» Work order:
Within the listing below, give again exactly the lines between the one containing "bokomslag Biomodificação da" and the one containing "PanOxyl Acne Foaming", inclusive, pictures left aside.

» Given data:
──────────────────────────────
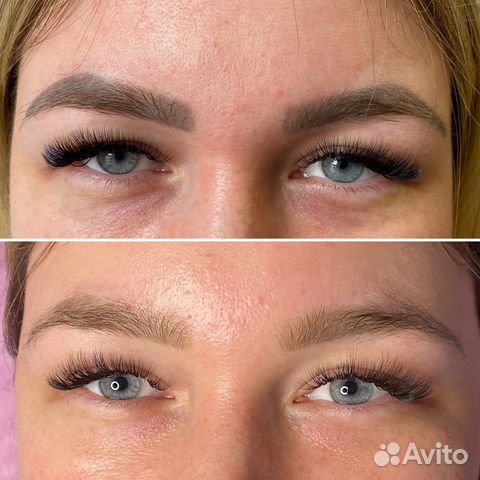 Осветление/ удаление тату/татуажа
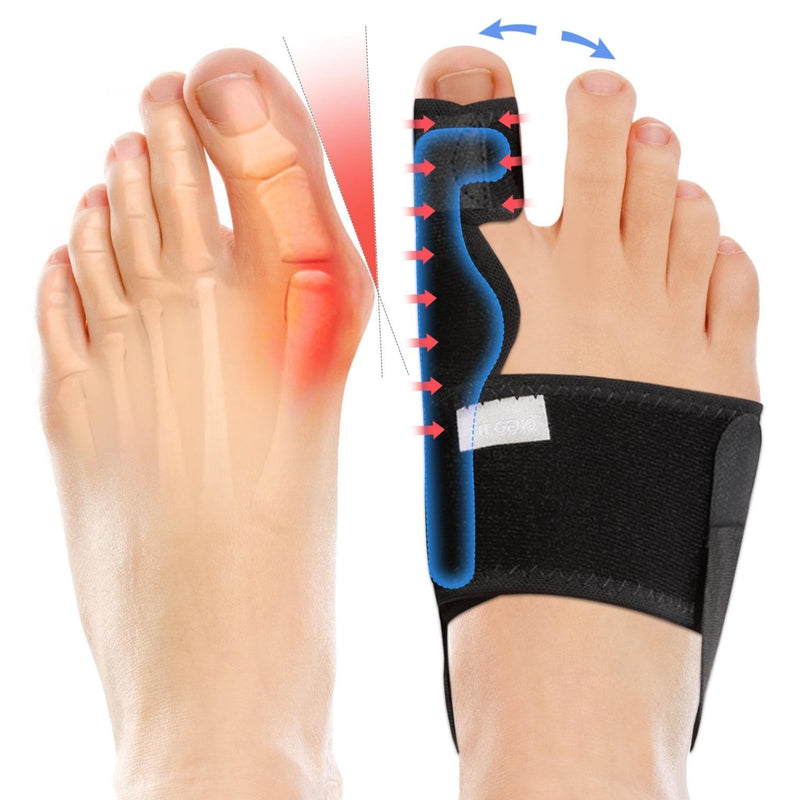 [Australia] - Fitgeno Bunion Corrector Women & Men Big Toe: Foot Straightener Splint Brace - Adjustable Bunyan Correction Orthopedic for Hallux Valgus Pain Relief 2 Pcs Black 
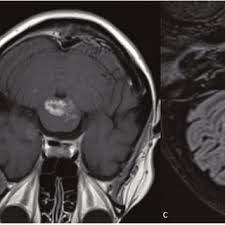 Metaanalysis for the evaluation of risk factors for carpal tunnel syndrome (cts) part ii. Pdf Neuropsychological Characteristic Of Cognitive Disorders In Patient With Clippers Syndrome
──────────────────────────────
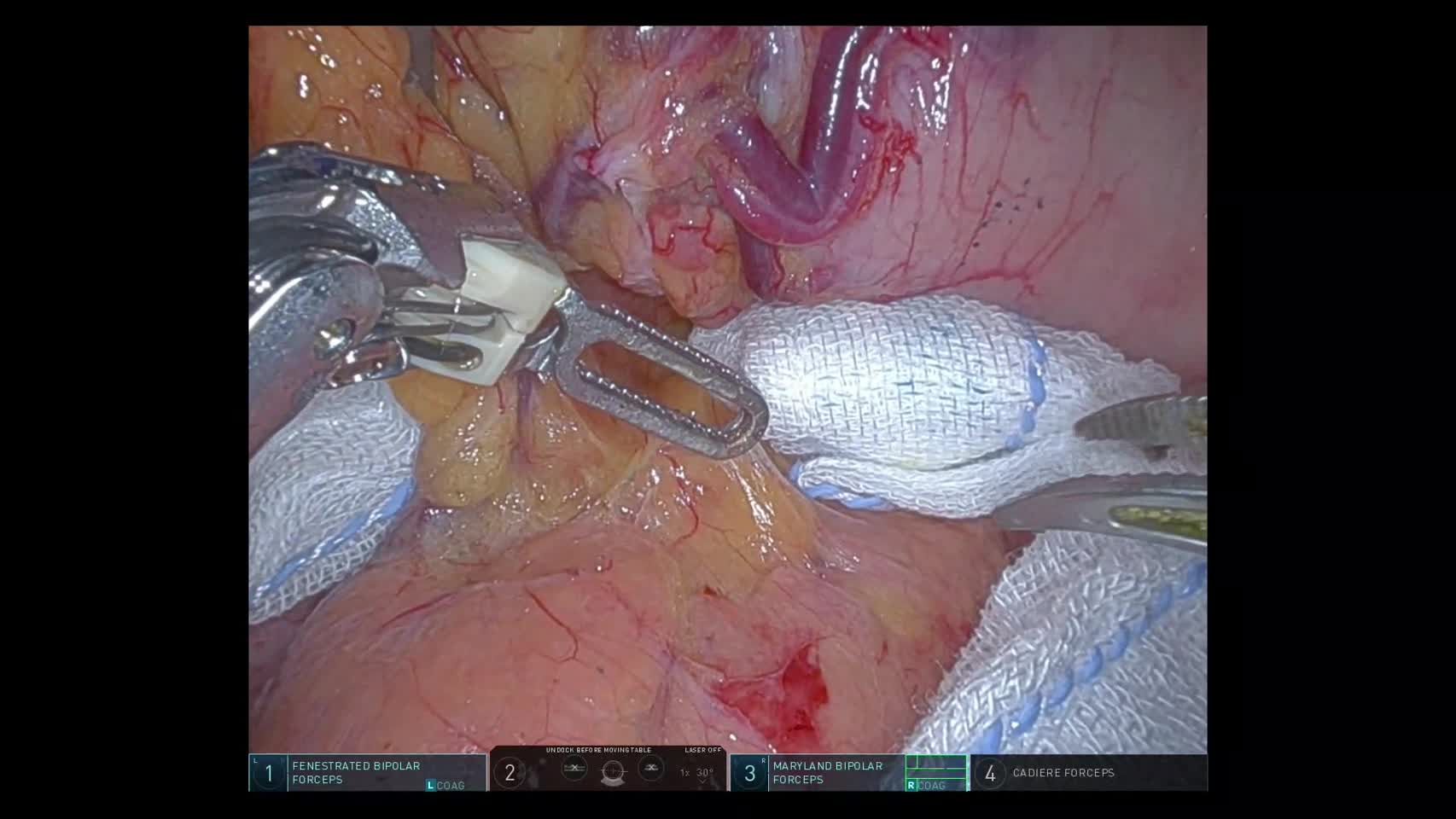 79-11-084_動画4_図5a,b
──────────────────────────────
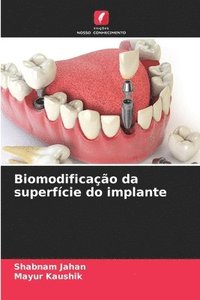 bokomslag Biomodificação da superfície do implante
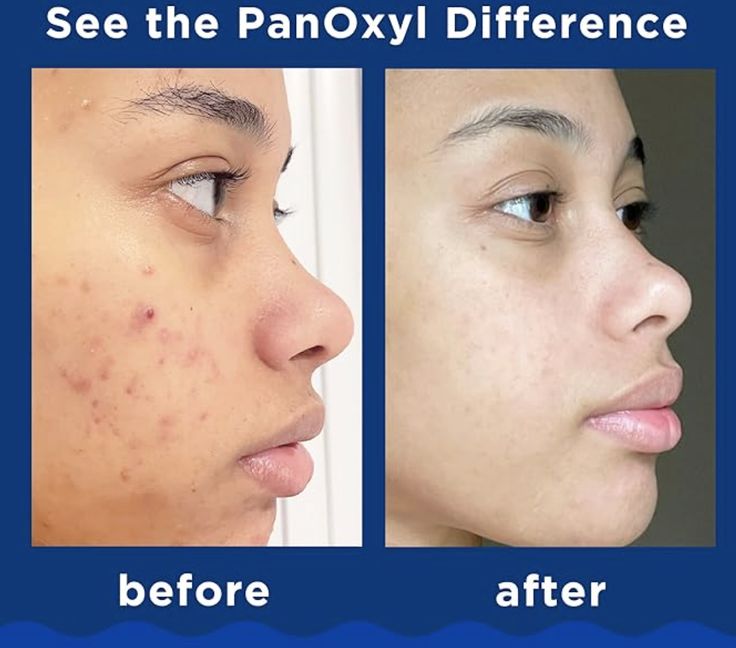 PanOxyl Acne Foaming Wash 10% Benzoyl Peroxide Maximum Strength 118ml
──────────────────────────────
» Answer box:
 bokomslag Biomodificação da superfície do implante
 PanOxyl Acne Foaming Wash 10% Benzoyl Peroxide Maximum Strength 118ml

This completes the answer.